⟨
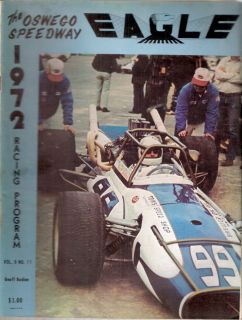 1972 Oswego Speedway Program Vol 9 11 Geoff Bodine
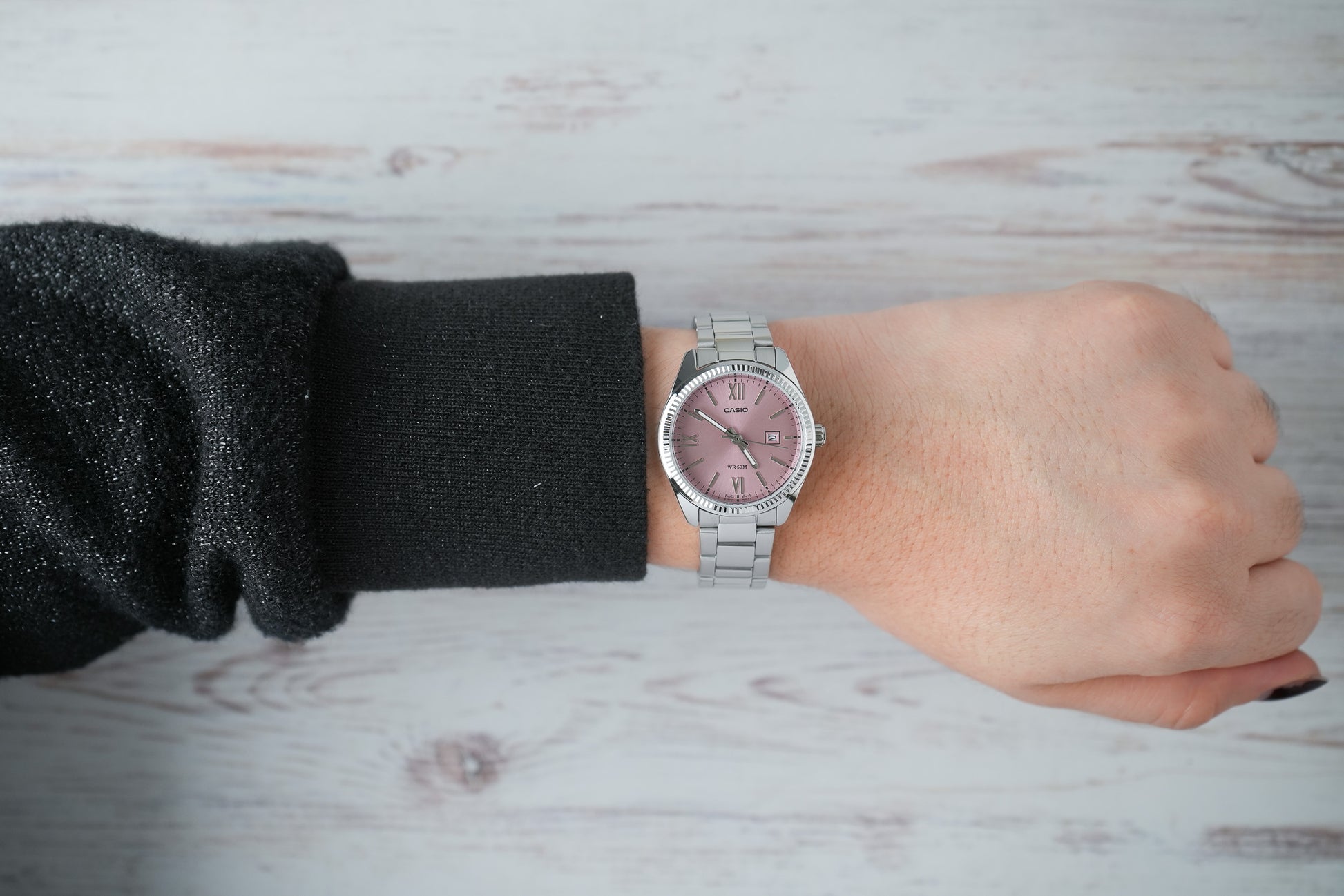 Reloj Casio Mujer Original Plateado LTP-1302DD-4A1V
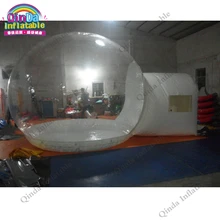 3m diameter transparent bubble tent for lawn,clear inflatable camping tent with 2m entrance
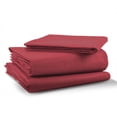 thumbnail image 1 of Juego de Sábanas Básica Rebeca Algodón Percal 200 Queen Size Rojo, 1 of 4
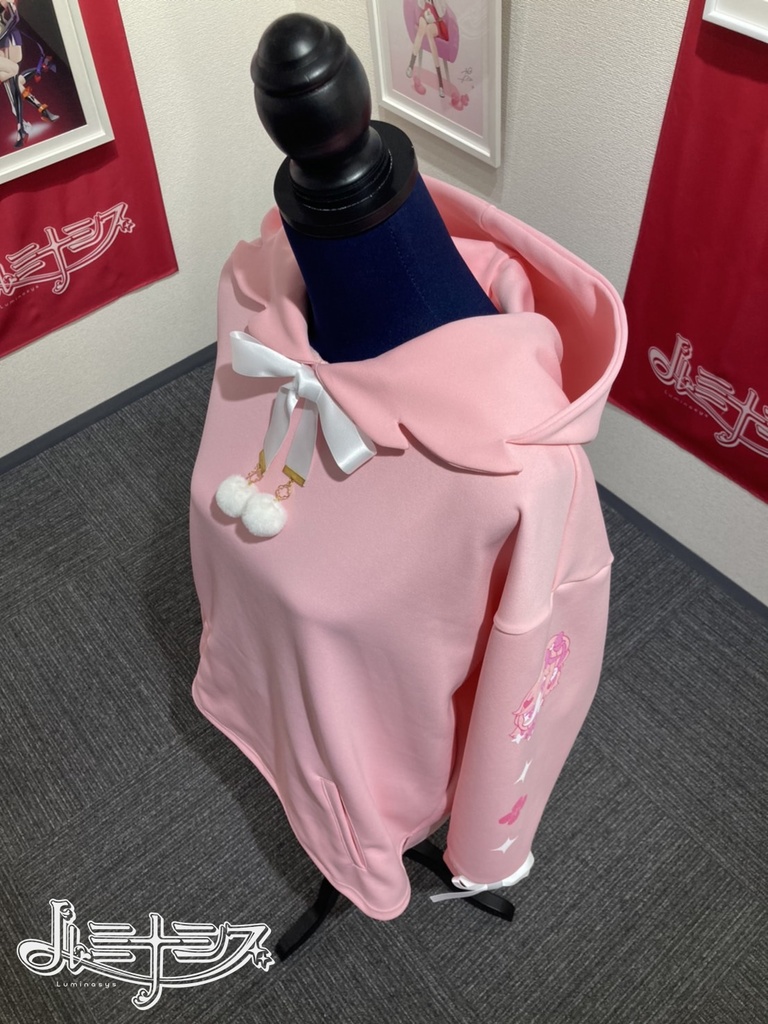 ルミナシスパーカー ピンク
⟩
EXERCISE GOAL:
Reproduce the records in full and leave the images behind.

REPLY:
 1972 Oswego Speedway Program Vol 9 11 Geoff Bodine
 Reloj Casio Mujer Original Plateado LTP-1302DD-4A1V
 3m diameter transparent bubble tent for lawn,clear inflatable camping tent with 2m entrance
 thumbnail image 1 of Juego de Sábanas Básica Rebeca Algodón Percal 200 Queen Size Rojo, 1 of 4
 ルミナシスパーカー ピンク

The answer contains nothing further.